Face à la montée des mouvements de contestation réclamant le respect de la Constitution, notamment le départ du Président Kabila dont le dernier mandat constitutionnel prend fin ce lundi 19 décembre 2016 à minuit, les autorités congolaises ont coupé l’accès aux réseaux sociaux, les regroupements pacifiques et les réunions de plus de dix personnes.

Selon les experts, « Ces mesures constituent une violation des conventions internationales relatives aux droits de l’homme auxquelles le gouvernement de Kinshasa est signataire et violent la Déclaration des Nations Unies sur les défenseurs des droits de l’homme ».

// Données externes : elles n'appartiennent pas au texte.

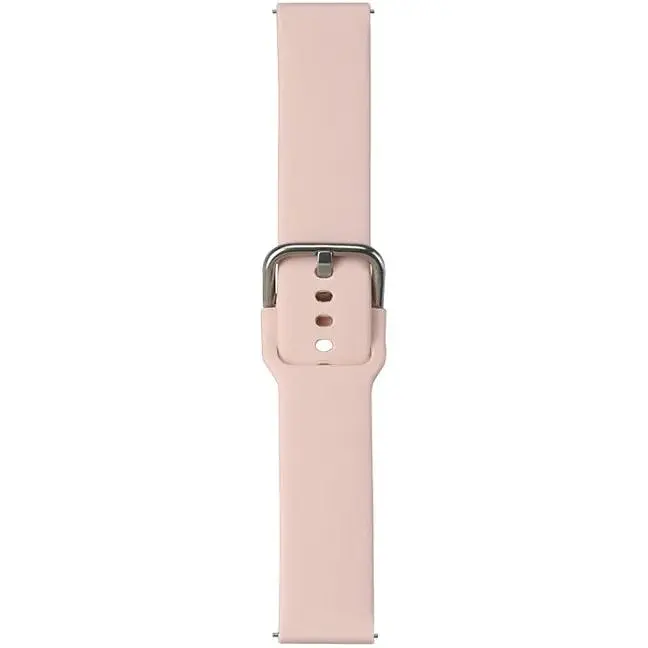 Ремінець DK CDK для Xiaomi Redmi Watch 5 Lite "L" 22mm Silicone Sport Band Classic (011018) (pink) - фото 3
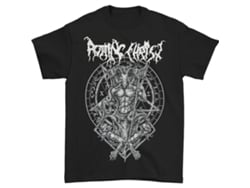 Camiseta ROCKINSTONE Rotting Christ Hellenic Black Metal Legions (L)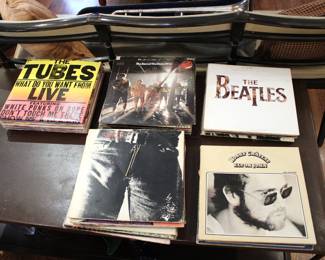 TONS of vintage rock albums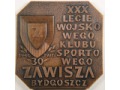 1976 - 30 lat WKS Zawisza Bydgoszcz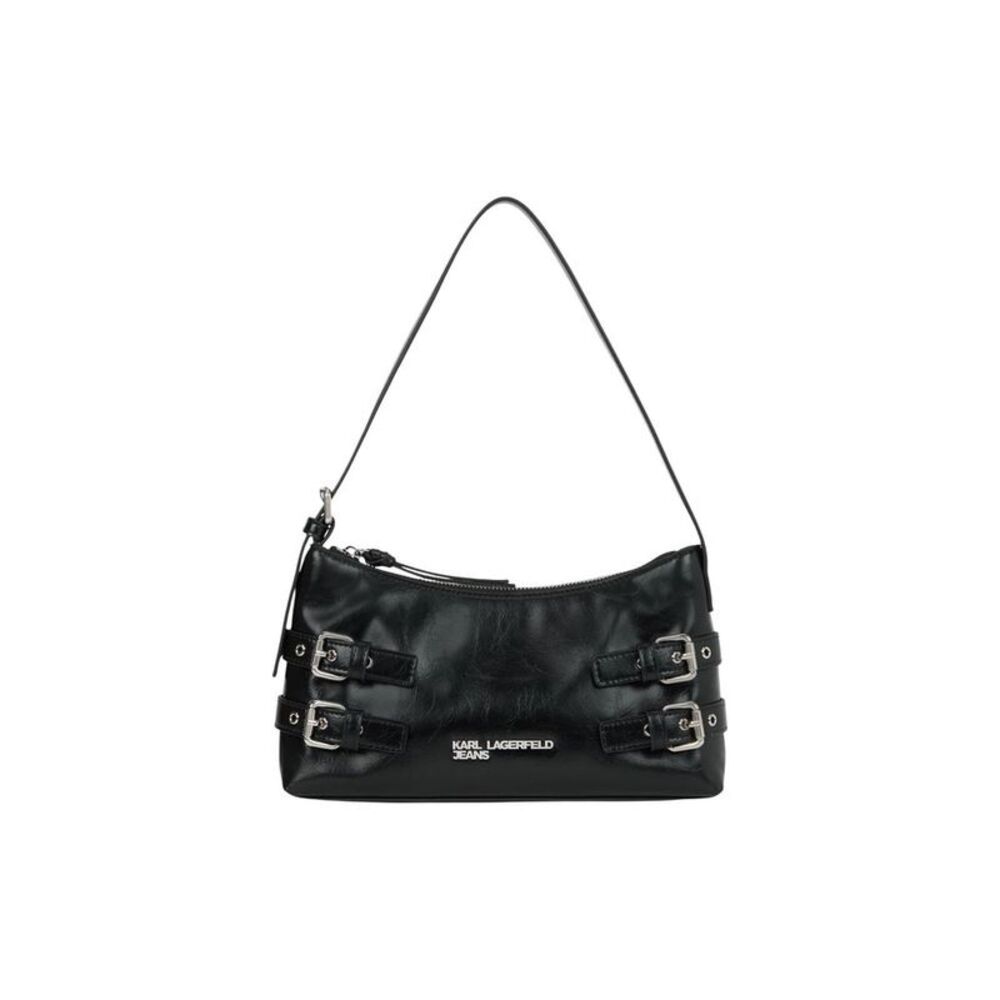 Karl Lagerfeld Black Polyethylene Women's Handbag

A titre illustratif ont indiqué les experts de l’Onu, « récemment, ces mesures ont touché les mouvements de jeunes citoyens Lucha et Filimbi, qui visent à promouvoir la participation politique et qui ont lancé une campagne de sensibilisation au respect de la Constitution il y a peu». Selon les experts, il y a une « répression ciblée des voix dissidentes de la société civile et des défenseurs des droits humains » qui  est « contraire aux principes démocratiques ».

Risque de violence

Loin de dissuader les manifestants, les mesures restrictives des libertés prises par les autorités congolaises pourraient se révéler contre productives. « si la société civile n’est pas autorisée à exercer les droits à la liberté d’expression, à la liberté d’association et à la réunion pacifique, les manifestants vont inévitablement recourir à la violence, pour laquelle seules les autorités devront être blâmées ».